Part 4: Calibrating Two Grids

There is a “Northern” Kurdish language, Kurmanji, as well as a “Central” Kurdish language called Sorani¹ While it’s a bit difficult (though, very possible!) to get POLYGONs for language groups, there are standardized datasets like Glottolog and WALS that we can use to get at least the centroid of where the language is spoken, as a POINT:

kl_df <- tibble::tribble(
  ~name, ~lat, ~lon,
  # "Northern" Kurdish language: Kurmanji
  "Kurmanji Centroid", 37.00, 43.00,
  # "Central" Kurdish language: Sorani
  "Sorani Centroid", 35.65, 45.81
)
# sf for language centroids
kl_cent_sf <- st_as_sf(
  kl_df,
  coords=c('lon','lat'),
  crs=4326
)
(cent_map <- mapview(kl_cent_sf))

So, let’s use Voronoi tessellation to split Kurdistan into two sections, based on whether each point is closer to the Kurmanji or Sorani centroid!

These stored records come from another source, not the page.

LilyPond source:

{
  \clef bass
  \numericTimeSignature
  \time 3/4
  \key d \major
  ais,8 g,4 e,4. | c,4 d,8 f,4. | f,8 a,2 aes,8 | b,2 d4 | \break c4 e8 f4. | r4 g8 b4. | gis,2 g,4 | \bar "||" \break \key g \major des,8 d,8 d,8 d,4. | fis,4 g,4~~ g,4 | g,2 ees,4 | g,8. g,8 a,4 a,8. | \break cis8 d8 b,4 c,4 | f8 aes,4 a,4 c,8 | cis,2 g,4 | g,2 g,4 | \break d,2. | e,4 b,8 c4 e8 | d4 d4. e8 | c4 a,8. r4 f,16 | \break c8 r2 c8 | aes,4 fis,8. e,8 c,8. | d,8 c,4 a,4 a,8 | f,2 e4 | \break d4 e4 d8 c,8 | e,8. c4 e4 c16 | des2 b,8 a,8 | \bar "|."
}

krd_voronoi <- st_voronoi(
  st_union(kl_cent_sf),
  envelope=st_as_sfc(st_bbox(krd_sf))
)

Warning in st_voronoi.sfc(st_union(kl_cent_sf), envelope =
st_as_sfc(st_bbox(krd_sf))): st_voronoi does not correctly triangulate
longitude/latitude data

krd_extracted <- st_collection_extract(krd_voronoi, "POLYGON")
#mapview(krd_extracted)

krd_inter_sf <- st_sf(geometry = krd_extracted) |>
  st_intersection(krd_sf)

Warning: attribute variables are assumed to be spatially constant throughout
all geometries

krd_inter_sf$label <- c("Kurmanji Speakers", "Sorani Speakers")
mapview(krd_inter_sf, zcol='label') + cent_map

#northern_sf <- krd_voronoi[1,]
#southern_sf <- krd_voronoi[2,]
# mapview(northern_sf) + mapview(southern_sf)
#mapview(st_intersection(st_cast(krd_voronoi),krd_sf))

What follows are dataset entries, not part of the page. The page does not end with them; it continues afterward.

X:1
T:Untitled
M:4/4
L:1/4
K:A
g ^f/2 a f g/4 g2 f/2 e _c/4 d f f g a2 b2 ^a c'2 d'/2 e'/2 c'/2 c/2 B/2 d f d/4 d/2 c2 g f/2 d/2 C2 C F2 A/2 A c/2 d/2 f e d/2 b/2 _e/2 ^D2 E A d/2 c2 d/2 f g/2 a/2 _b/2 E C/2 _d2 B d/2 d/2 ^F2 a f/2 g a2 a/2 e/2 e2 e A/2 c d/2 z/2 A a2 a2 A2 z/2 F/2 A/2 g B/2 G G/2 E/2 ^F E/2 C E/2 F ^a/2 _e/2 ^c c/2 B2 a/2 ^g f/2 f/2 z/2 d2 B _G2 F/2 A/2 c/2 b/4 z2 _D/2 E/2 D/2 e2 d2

So now our job becomes: can we re-do the above estimate of Kurdistan’s population, but this time derive two separate estimates, where the original estimate is “chopped” into two pieces on the basis of the distribution of area between Kurmanji and Sorani…

The answer is: yes! That’s also the job of st_interpolate_aw() 😎

lang_pop_sf <- st_interpolate_aw(
  countries_sf['pop_est'],
  krd_inter_sf,
  extensive=TRUE
)

Warning in st_interpolate_aw.sf(countries_sf["pop_est"], krd_inter_sf,
extensive = TRUE): st_interpolate_aw assumes attributes are constant or uniform
over areas of x

mapview(lang_pop_sf)

And, adding back into our krd_inter_sf object so we have all the data “carried over”:

krd_inter_sf <- krd_inter_sf |> mutate(
  pop_est = lang_pop_sf$pop_est,
  pop_str = fmt_pop(pop_est),
  pop_label = paste0(label, ": ", pop_str)
)
mapview(krd_inter_sf, zcol='pop_est', label='pop_label')

Wohoo!

References

Hanson, Gianna, and Lanah Hinsdale. 2023. “Putting Kurdistan on the Map.” ArcGIS StoryMaps.

McDowall, David. 2021. A Modern History of the Kurds. Bloomsbury Academic.

Footnotes

There is also a “Southern” Kurdish language called Xwarin ↩︎